Just know that you are right to be angry, but if you hold onto it and let it dictate your actions, it will lead you down a path that you don't want to travel. Time is your enemy right now, because time will help ease your anger. It's a four letter word that all of us BS's hate, because it does us no good RIGHT NOW when we need help the most. Hopefully you'll be able to process some of the advice you're getting on this forum to help you in less time. If you let your logical side kick in and really listen to what the folks here are telling you, it may come faster.
Tell me about it! I get thoughts out the waaaazooo! Sometimes I just want to scream, but of course I can't!! I gotta keep living a normal life for my kids, myself, and normalcy yet I gotta carry this damn A thing with me every where I go. I can say that information in the long run will help you to step back (third person style) and see the big picture. My movie is apparently still running so my advice or support is limited at best. I tried the bottle but as a bud of mine said" you can't drown those sorrows---they just swim back to the top!"
I feel anger too, but when I really look into it the anger is more of an expression than a state of being. I'm angry he thought so little of me. I'm angry that my warnings to him weren't headed. I'm angry that I married someone who could be so cruel.
And oddly enough, I'm angry at anger. I think, for me, where this all came from was his anger. His anger at life allowed him to set up the lie that I didn't matter. That because I was an insensitive person who didn't understand him he had every right to look for "happiness". The angry household he was raised in taught him that's it's ok to rollover people before they roll over you. For some people, for my husband, there are a total of three legitimate emotions: love, sadness and anger. The OW and on-line stuff was his love. What got him there was his anger, and now its all about the sadness.

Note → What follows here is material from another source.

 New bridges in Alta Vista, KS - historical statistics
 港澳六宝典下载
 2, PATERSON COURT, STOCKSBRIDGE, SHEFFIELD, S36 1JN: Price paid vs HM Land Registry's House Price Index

I miss seeing him the way I used to. I miss believing in our future. I miss our dreams, our love, our laughing. Some days he tries, some days he doesn't. Maybe what's happened to me is different that most people here, but I see his A as another form of emotional abuse. It's another way his anger acted out to show that I/we just don't really matter.
I'm angry that I have to rebuild what I did not tear down. With or without him, I have to rebuild.